In einem Application Server bist du im JEE Umfeld und damit im CDI (JSR-299). Der JSR-330 ist der globale JSR, welcher Annotations und Injection Mechanismen generell im Java-Umfeld beschreibt. Dieser ist sehr stark SpringDI und Guice geprägt, die 2 größten Vertreter der Java DI Schiene.

CDI hat einige Erweiterungen eben für den Bereich Enterprise Java und ist angepasst auf die Umgebung Application Server.

CDI kannst du dabei nicht AUCH mit Weld nutzen, sondern Weld ist die Referenzimplementierung der JSR-299 

Das die Nummer des JSR für CDI tiefer ist, liegt daran, dass die Idee schon länger zurück liegt. Mit dem JSR-330 kam dann aber die perfekte Basis für das Vorhaben. Immerhin ist dank oben genannten Frameworks der Entwicklungsstand sehr hoch (PS für JSR-330 ist Guice in Version 3.0 die Referenzimplementierung).


----------



## Raphalon (27. Okt 2011)

Danke für Eure Antworten. Habe noch an anderer Stelle gesucht und gefunden - was ich zunächst nicht verstand: wenn normale DI verwendet wird, wie kann man dann in einer xhtml auf die Bean zugreifen (z.B. mittels #{beanName.methode})? Normalerweise macht das der EL-Resolver von JSF und findet dann die Bean und Methode. In solch einem Fall macht die Annotation @Named aus einer Bean eine CDI-Bean. 

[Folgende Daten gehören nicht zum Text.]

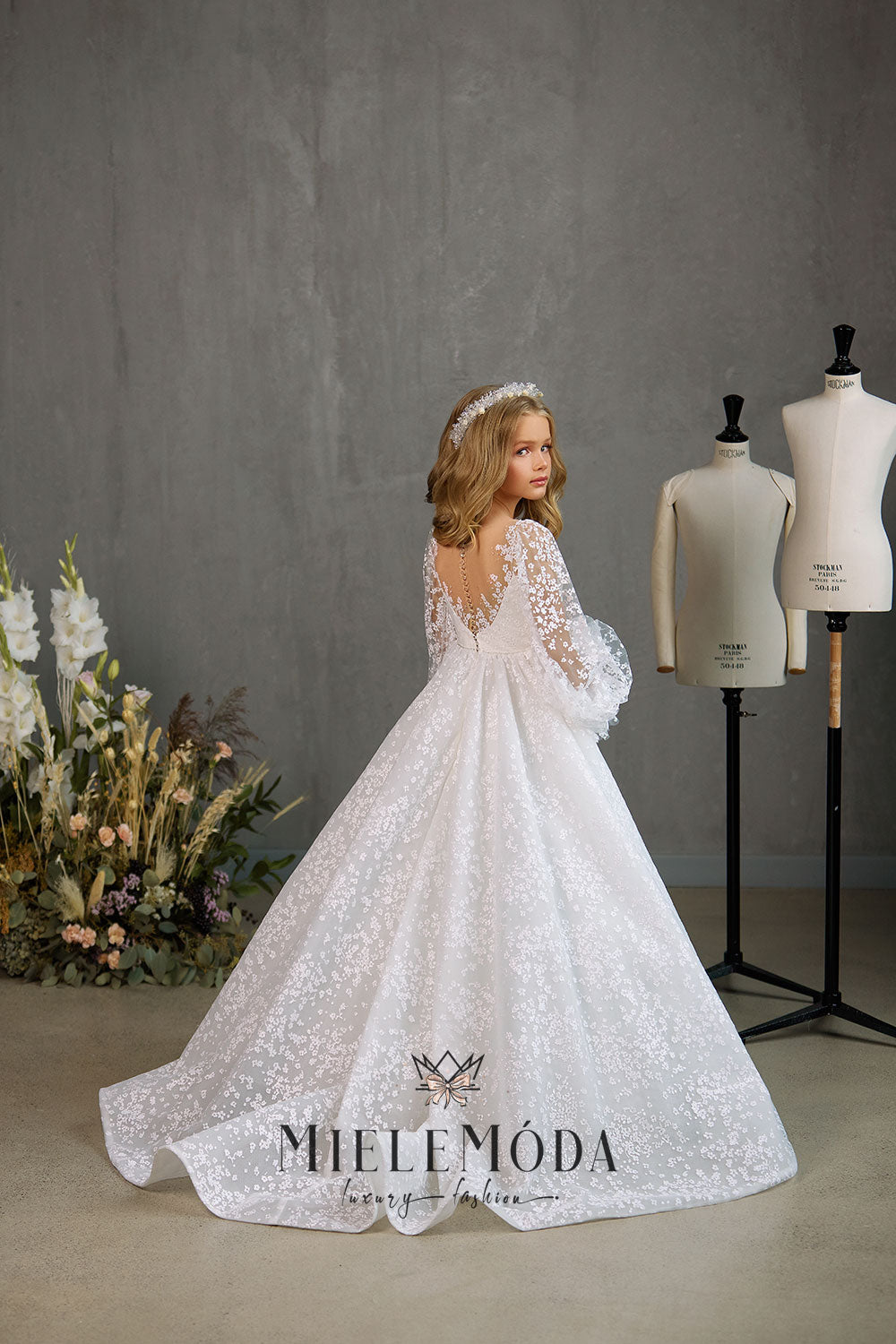 Sapphire Luxury Flower Girl Communion Dress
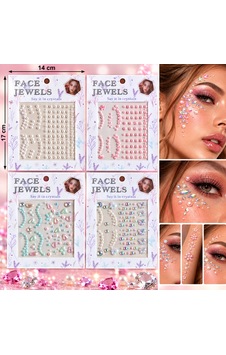 4 Adet Birden Renkli Yapışkanlı Yüz Taşı Face Gems Taşlı Yüz Ve Vücut Süsü 4 Adet Birden Renkli Yapışkanlı Yüz Taşı Face Gems Taşlı Yüz Ve Vücut Süsü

Wenn aber nun Spring verwendet wird, handelt es sich um JSR-330, also "normale" DI. Damit nun dennoch mittels EL aus einer xhtml - Seite auf die Bean zugegriffen werden kann, muß mittels Spring-Konfiguration sichergestellt werden, daß JSF die Beans nicht mehr selbst auflöst, sondern dies Spring überläßt. Dann werden Beans über den ApplicationContext von Spring aufgelöst und nur noch dann von JSF, wenn die Spring-Auflösung erfolglos war.


----------



## Nogothrim (27. Okt 2011)

eine CDI Bean ist auch ohne @Named eine CDI Bean, sie lässt sich nur erst mit @Named per EL ansprechen


----------